# What battery should I get?



## nicdicarlo (Mar 9, 2008)

I'm about to purchase a new deep cylce for the Crawdad. I am pretty sure that my old Stowaway is shot, but I'm going to try and use it for the depth finder after I get it load tested (I can't believe I bought that thing to begin with...I hate Bill Dance!). If its no good, I'm turning it in. For my main battery, I need a new one. I have a gift card for Sears, so I want to limit my list to die hards...they only offer 3 or 4. My question is, which one should I get? Here they are...

DieHard

Are bigger/more expensive always better? Also, what exactly are "reserve minutes?" Ultimately, I will be getting a second new battery, but to start the season, I'm going to give it a go with one. I'm leaning towards the most expensive one since I may only be using the one battery for a little while. What do you guys think? Here's the specs on my rig so you guys can get a better idea of what I need...
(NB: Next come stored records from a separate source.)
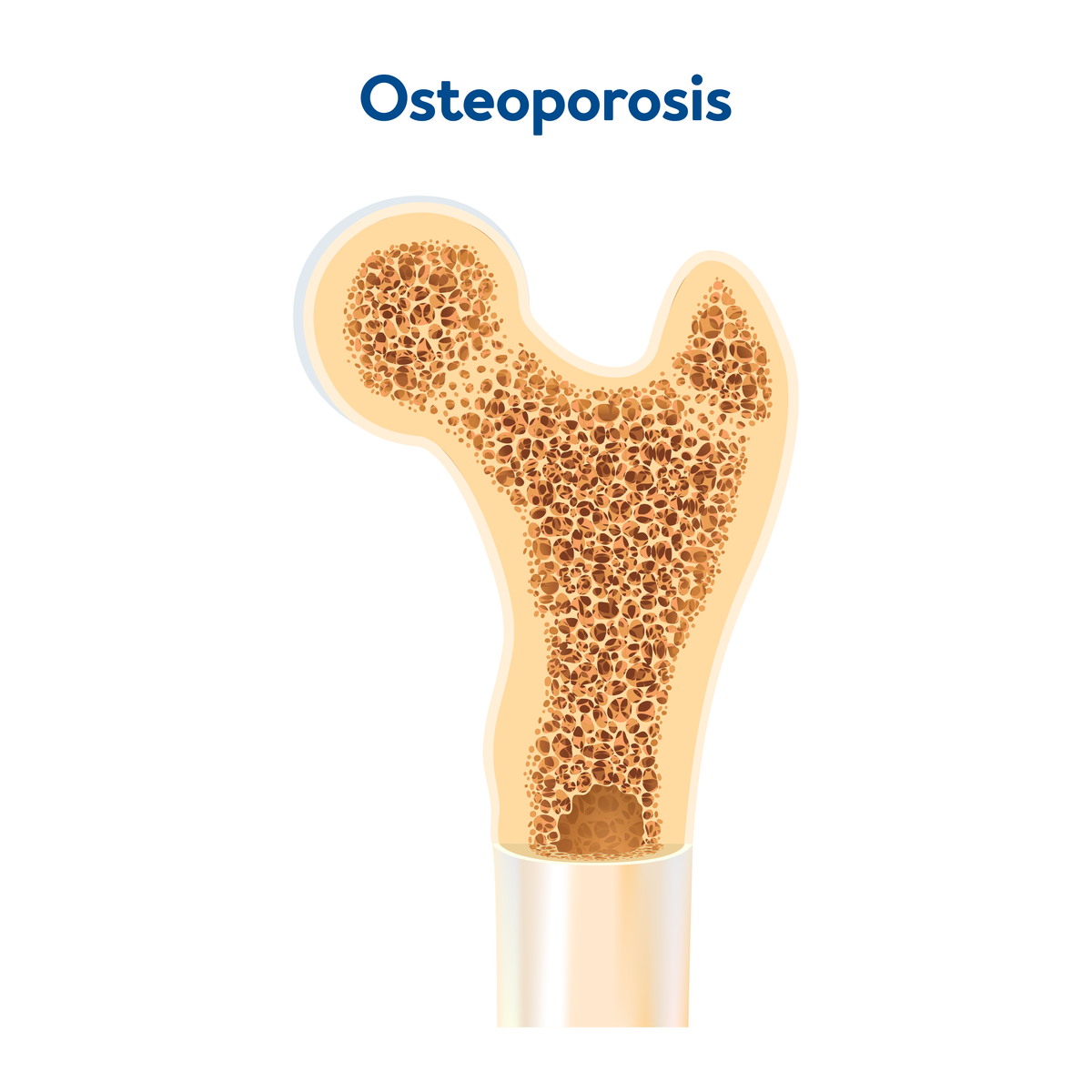 A graphic showing osteoporosis bone density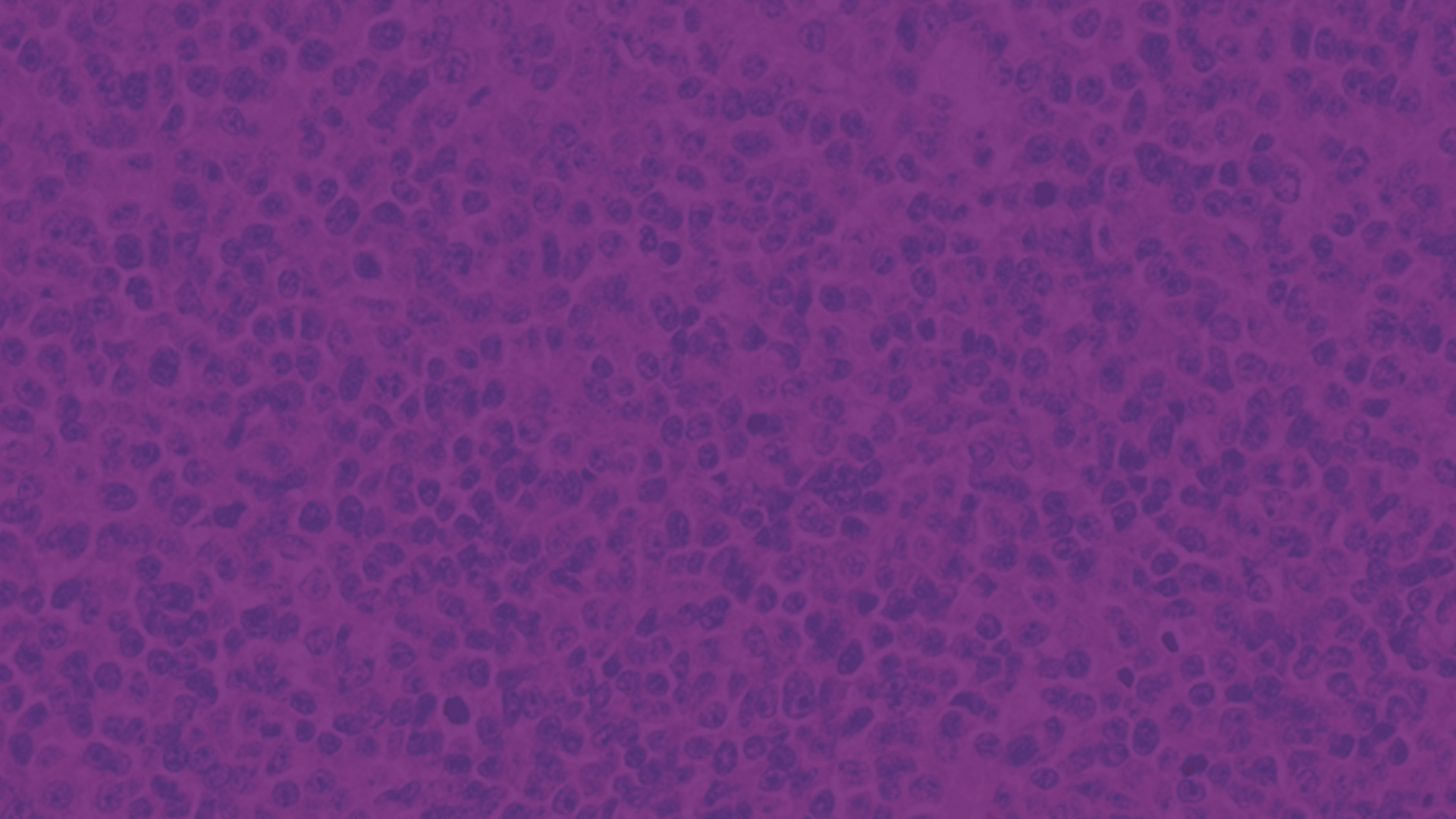 Specifie an alternate text for an image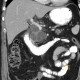 Serous adenoma of pancreas, microcystic: CT - Computed tomography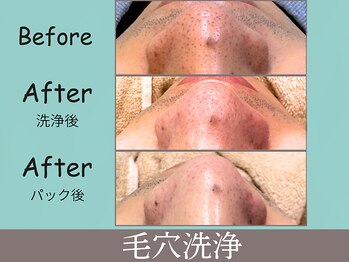 プレジール(plaisir)/毛穴洗浄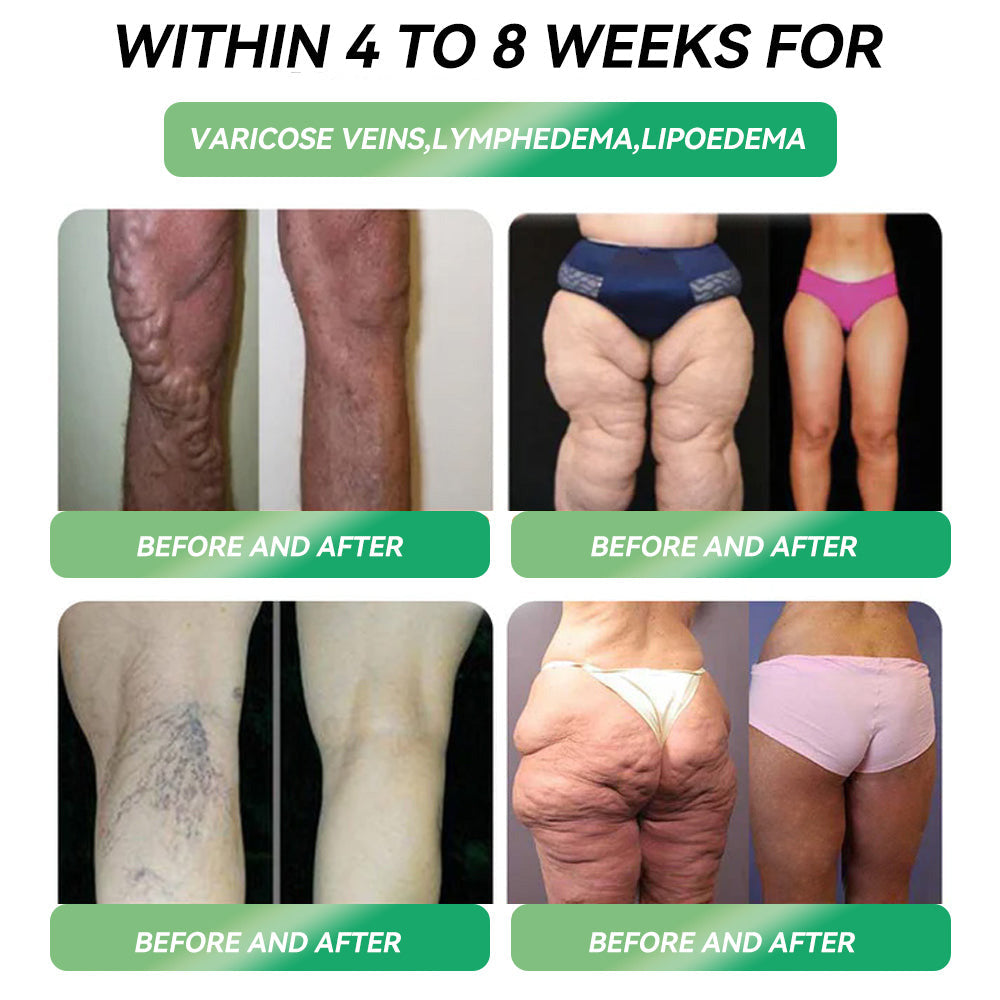 [Offisiell Butikk] 𝐏𝐄𝐀𝐊𝐀® 𝐆𝐋𝐏-𝟏 𝐕𝐞𝐤𝐭𝐭𝐚𝐩 𝐎𝐫𝐚𝐥 𝐋ø𝐬𝐧𝐢𝐧𝐠 – 👨‍⚕️ Fedme, Hjerte- og karsykdommer, Diabetes, Søvnapné, Leddproblemer og Mer💪
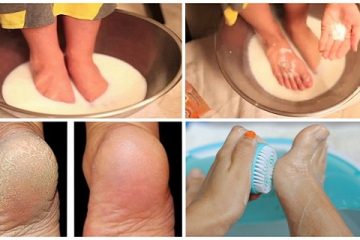 Stop Wasting Money on Pedicures: You Just Need These 2 Ingredients from Your Kitchen & Your Feet Will Look Amazing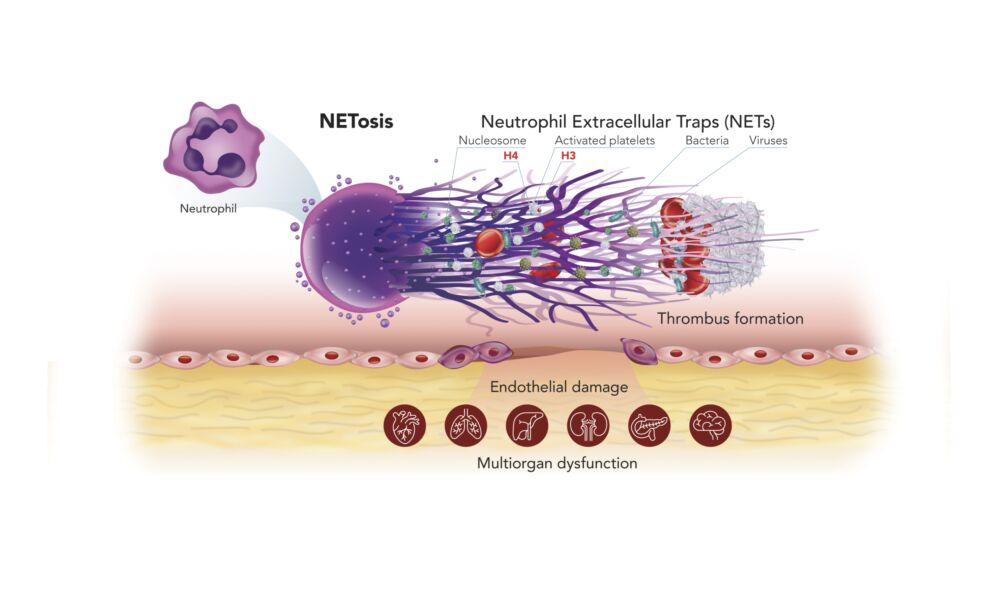 NETosis graphic Nov 2023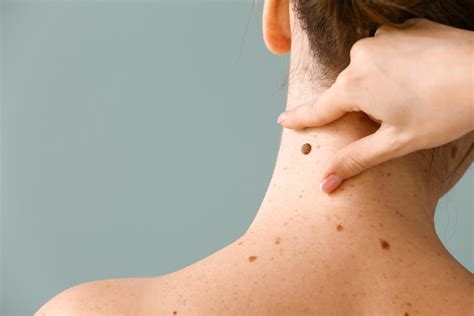 Moles on the Body and Melanoma Skin Cancer: What’s the Link?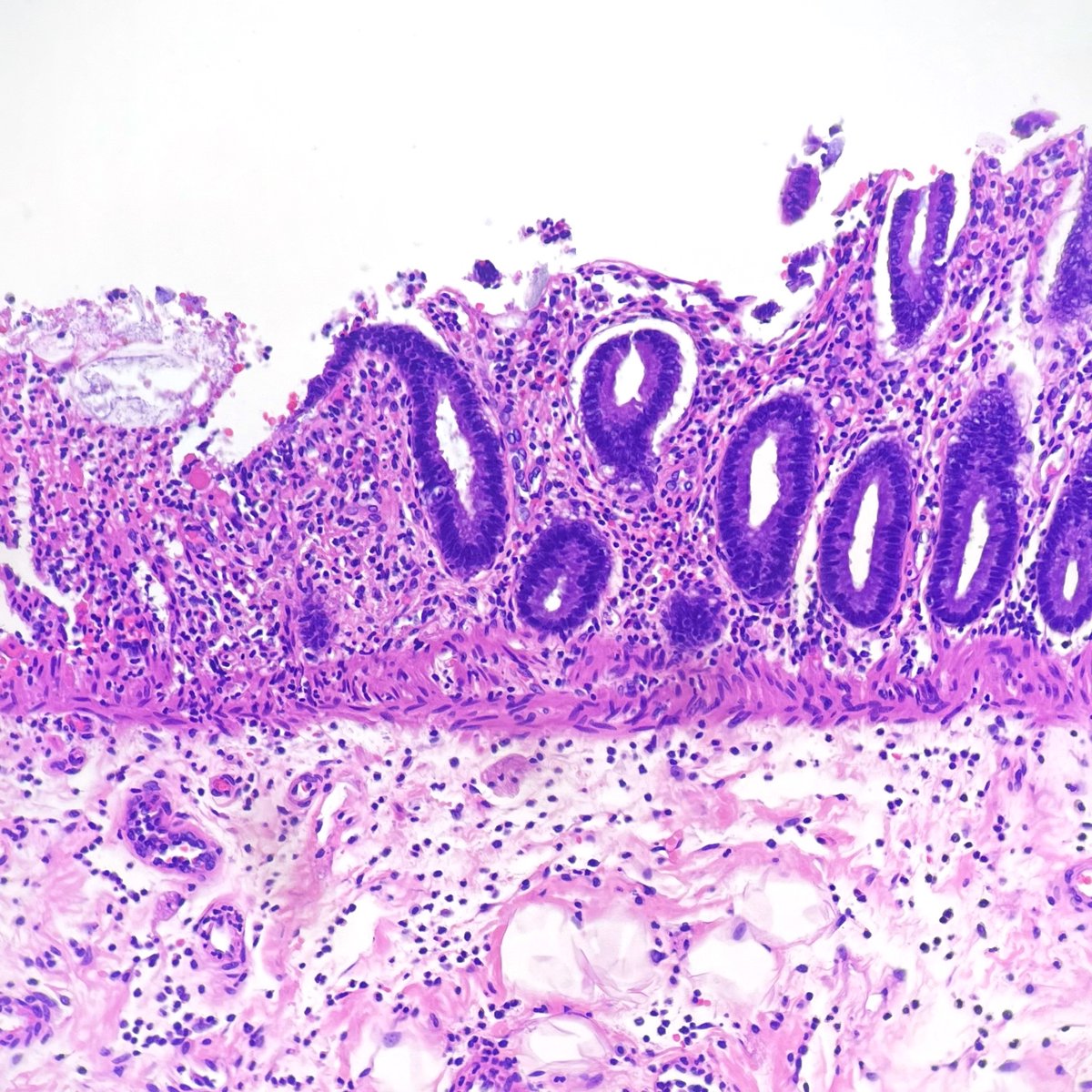 Michael Feely, DO tweet media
Boat: Coleman Crawdad with wood flooring
Bow TM: 27lb MK
Trans TM: 36lb MK (only used for motoring from spot to spot)
FF: Bottom of the line Eagle...not sure of the model

Any input is appreciated. Thanks!


----------



## redbug (Mar 9, 2008)

the 2 larger ones will be fine I run 3 27 group batteries in my Triton 
you will get almost 2 hours of run time with your motor on high with the 27 group and 10 ins longer with the 29 group. the 29 group will also weigh 5 lbs more 
that battery should last you for 3 seasons as long as you charge it as soon as you get off the water. 
if all you are planning on running with the stowaway is your depth finder I would just pick up a tractor battery cheap and lite save the weight


Wayne


----------



## nicdicarlo (Mar 9, 2008)

Thanks Wayne. Are tractor batteries deep cycle? i.e. can I charge them the same way I would a deep cycle?


----------



## Captain Ahab (Mar 9, 2008)

Nic - most tractor batteries are not deep cycle. Redbug is suggesting this becuase a FF has a very low draw and the battery is small, so lees weight. You should only have to charge the FF battery once or twice a season so long as you remember to unplug it when you are not using it.


----------



## redbug (Mar 9, 2008)

esquired said:


> Nic - most tractor batteries are not deep cycle. Redbug is suggesting this becuase a FF has a very low draw and the battery is small, so lees weight. You should only have to charge the FF battery once or twice a season so long as you remember to unplug it when you are not using it.


Dead on target.
When i had me crawdad I used a tractor battery I charged it twice I even cut a section of foam under the front deck to hold ot and ran to leads out that i used to charge and run my depth finder


----------



## nicdicarlo (Mar 9, 2008)

Gotcha. Thanks guys. So I can charge a tractor battery, just not repeatedly I guess.


----------